385.1 Race, re-spatialization and the struggle over the iconography of the global city

Thursday, August 2, 2012: 4:15 PM
Faculty of Economics, TBA
Oral Presentation
Cameron MCCARTHY , Education, Policy, and Organizational Leadership [EPOL], University of Illinois, Urbana, IL
Drawing on the insights of Walter Benjamin, David Harvey and Aihwa Ong, I examine contemporary Chicago as a global city propelled by powerful logics of gentrification that are consequential to race, space and the struggle over the iconography of the present and the future. This struggle has a powerful material neoliberal dimension deeply imbricated in the new terms of race and society in the twenty-first century, an era of globalization. Analyzing key policy documents, I assess the city not as a fixed or bounded settlement or geographical location but as a powerful discursive field and mobilizing project of will formation integrating and disintegrating new resources, populations and identities in the contradictory and radically volatile environment of flexible and predatory capitalism. In this dynamic environment, race is deployed as a strategic multiculture for managing the rough edges of the transformation of the city from a localized, industrialized and administrative complex to a global formation foregrounding finance capital, tourism, gentrified construction and commercialized residential development.
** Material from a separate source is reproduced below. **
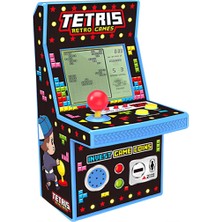 Markaon Üreticiniz Nostaljik Nessiworld  Oyun KONSOLU XY9029A YN1348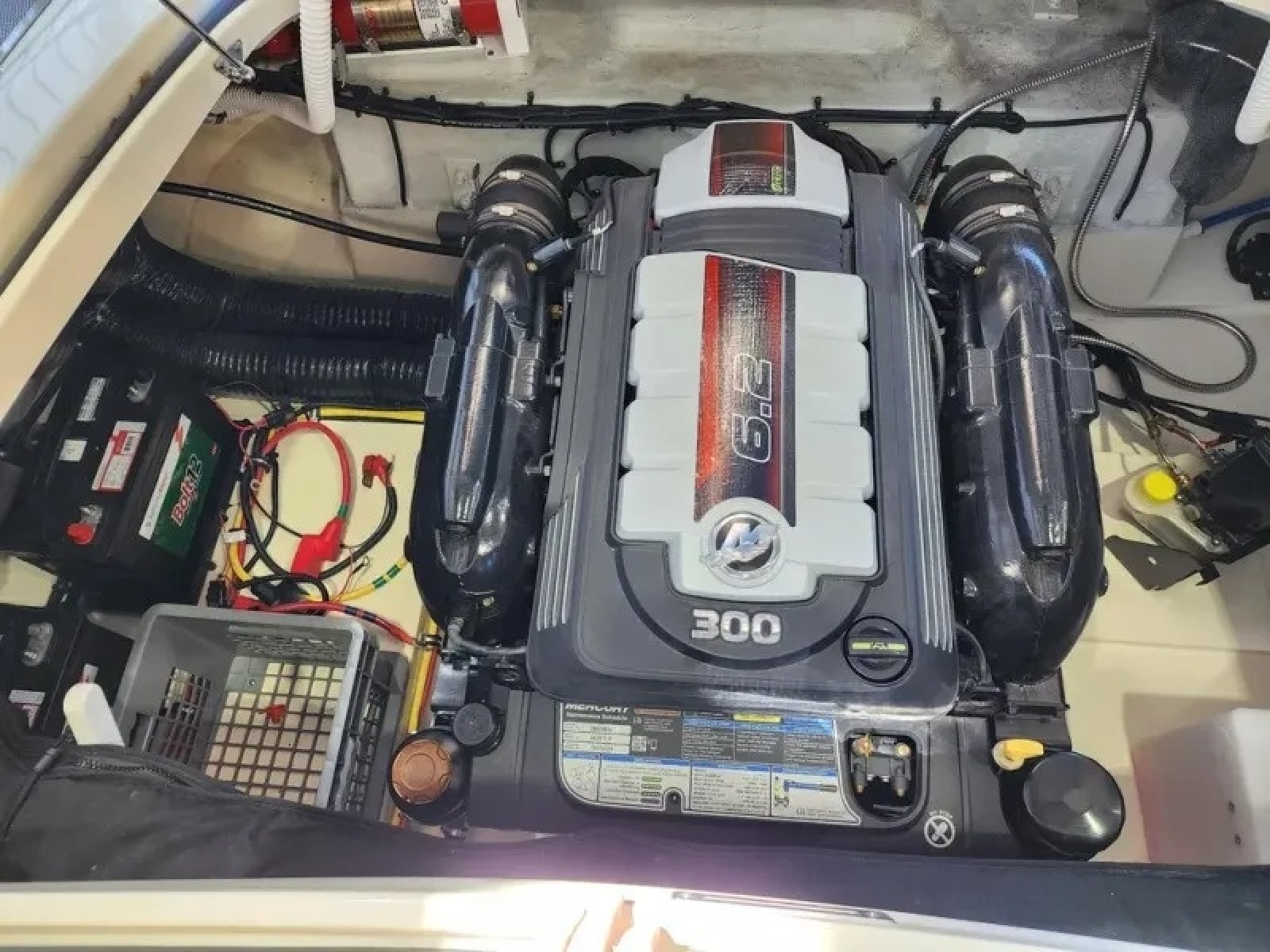 2018 Chris-Craft Launch 23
This mobilization of the city as a rejuvenated and revivified complex of desires and will formation—appropriating multiculture as a strategy of negotiating the powerful contradictions of its globalizing economies—is not only articulated to the bounded settlement of the city but is applied to the context of education in the reorganization of knowledge and the institutional restructuring of the urban university as it transforms itself into the new international “knowledge city.” The new knowledge city has its birthing in a time of fiscal woes and the rise of a narrow-minded, administrative instrumentalism that champions the universalization of the enterprise ethic as the salve to financial woes precipitated by state disinvestment in public education.